By Katerina Bonderud, TIWP Student
My love is writing in a valley of flowers. The kindness of California poppies delicately caressing my fingers. As I sit, I am immersed in a whole other world where trees bloom and bees are dogs. They float back and forth, carrying pollen to and from their hive. They support the world around them and worship their badass queen. I hear their buzz and the songs of birds all around.
I’m taken back to the time I was in Yosemite’s valley, staring up at Al Capitan, immersed in the vastness of our world. I’m a mountain girl. The ocean is gigantic, but a dark blue film covers it–you can’t see how expansive it truly is. With mountains, you see its precariousness and magic right before your eyes. Yosemite’s cliffs look so small and shallow from above, but once you are in the heart of the valley, you appreciate every edge and curve of the stone, every brush stroke and sculpt from the glaciers millions of years ago. I can’t help but give an air-hug to the sky. This planet does so much more than we can ask for. It breaks my heart to watch such a robust and beautiful force be nothing but abused, taken photos by many, and only appreciated and cared for by a single percent. I lie in this valley and watch as the world becomes round. The heart of the sky is dark, the cliffs climb the sky, and the trees at the bottom frame the portrait. I sink into the earth, deeper and deeper. I drop my head to the side and see, once again, an orange poppy.

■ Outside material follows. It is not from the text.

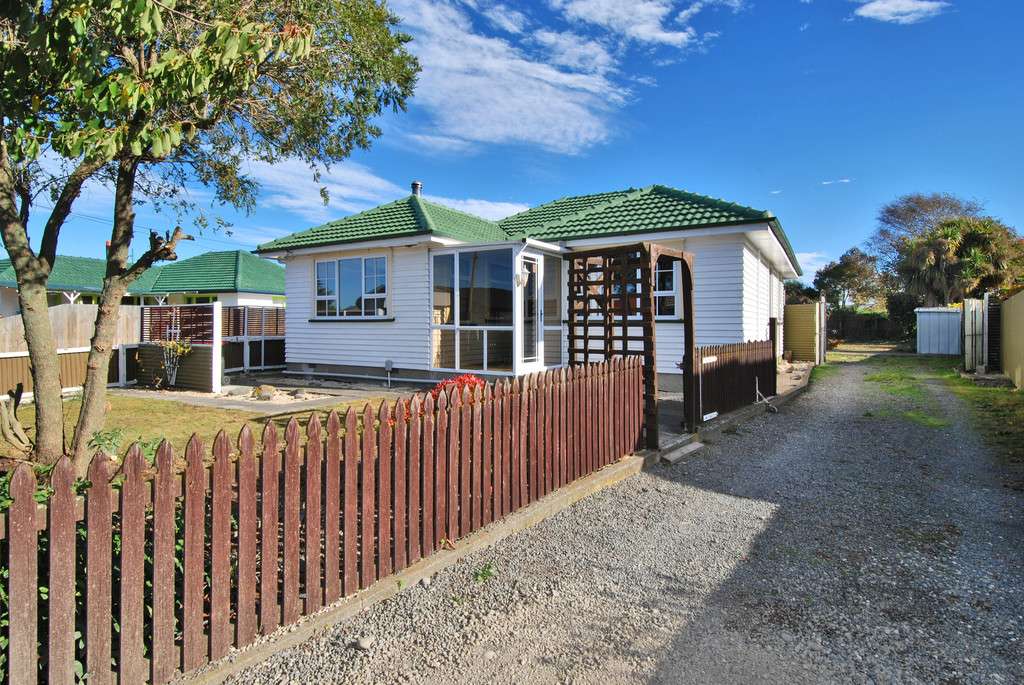 7 Tauiwi Crescent photo 0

I fall through the earth to find myself in the thick of my storm. It is freshmen year. I am writing in a valley of flowers. Nothing compares to that bliss. I long for the sun caressing my chin, blinding my computer, and blushing my cheeks. The flowers tangle around my ankles as they reach for the sun.

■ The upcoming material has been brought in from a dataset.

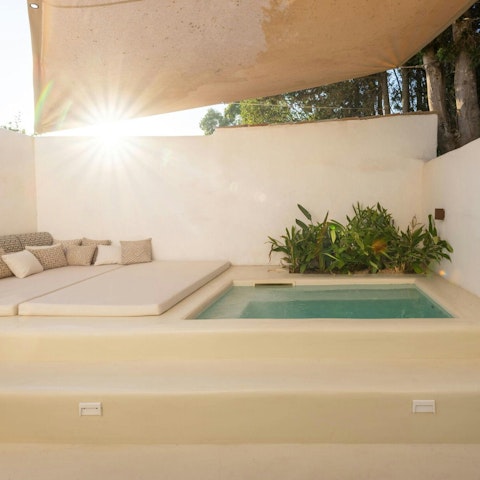Unwind in the small plunge pool on sunny afternoons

Nature will give until it has none left. Even then, it will go along with its process to give more, only to be ungratefully depleted once more. Nothing refuels my energy quicker than spending time alone in the wilderness. Although my irrational fear of predators keeps me on edge, it’s a thrill that refreshes me from being worried about socializing, how I present myself, saying the right thing, acting the right way, studying studying studying, my insecurities, my never empty to-do list, being woman, being a student, not letting people down, balancing conflicting social demands, ill-health, politics, history, climate change, the future–it all stops. It’s left behind at the trailhead. The only belonging that makes its way onto the compressed path is a pen and paper. They greet each other, knowing what is to come. Nothing related to any of my worries, only fantasy’s about all good that is to come.
Writing is cathartic. It is fun. It makes me whole. During the 2020 quarantine, I put down my pen and paper and instantly felt lost; I didn’t know where I was going; the world around me imploded in my head. My pen and paper have always been there in the times of my deepest needs. It has been there to nurture me, empower me, get funky with me, and express me. Writing was there for me before I even knew how to read–Literally. I learned how to write four years before I knew how to read properly. Dyslexia comes in all shapes and sizes. It’s comical because I couldn’t even read what I had written. I just knew it was there. Writing has always been there.
Writing doesn’t need to be perfect. I once asked a Latin teacher why the Latin language died. The reason: because it got fixed. It got locked into a box, never to be altered again, just looked at and pondered. Writing is not fixed. It is complex, weird blobs on a page that make us hallucinate, and it is beautiful.